« Moi, j’ai toujours eu un faible pour Thil »
Lieu évoqué : Cité du Colonel Fabien, Thil.
« C’est vrai qu’à Thil, à la cité du Colonel Fabien, nous n’avons pas encore l’eau chaude et pour aller aux toilettes, nous traversons la rue pour les mieux lotis ; ou c’est le pot de chambre pour les autres. Pourtant, moi j’ai toujours eu un faible pour Thil. La vue sur les usines et le viaduc était imprenable depuis chez nous. Presque tout le monde a un jardin potager dans la cité. Aujourd’hui nous appellerions cela un jardin ouvrier. Nous, avec mon grand-père, on a deux potagers. Celui du haut, vers le bois et la ferme et celui du bas derrière les écuries. On a aussi un box dans les écuries où on élève les lapins et les poules. Pour nous autres, enfants, tout cela est un terrain de jeux extraordinaire.

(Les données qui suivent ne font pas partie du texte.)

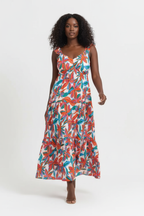  Robe Maxi Imprimé Floral Black-Coat multicolore - vue en marche illustrant l'élégance bohème et l'allure confiante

Il y a aussi la forêt tout proche avec ses mystères et ses dangers (Obus, balles, grenades, fusils, trous de mines et rampes de fusées, casemates). Thil, c’est la guerre des boutons tous les jours, avec le danger en plus. On joue aussi parfois sur les aires de jeux des grands. Il y a le jeu de quilles en béton derrière les écuries, et le jeu de boules dans le haut de la cité. L’été, quand les femmes discutent sur les chaises devant les maisons, les hommes jouent aux boules et boivent du mauvais vin, en jurant en italien. Ceux qui ne sont pas aux boules font une scopa sur un coin de table, dans la rue. Pour moi la France c’était cela, et ça devait être partout pareil. »
Patrick Ponzoni, Petite histoire lorraine en passant par Villerupt-Thil et Hussigny : la route du Nord Est, Editions Claire Lorrain, 2017. p. 18.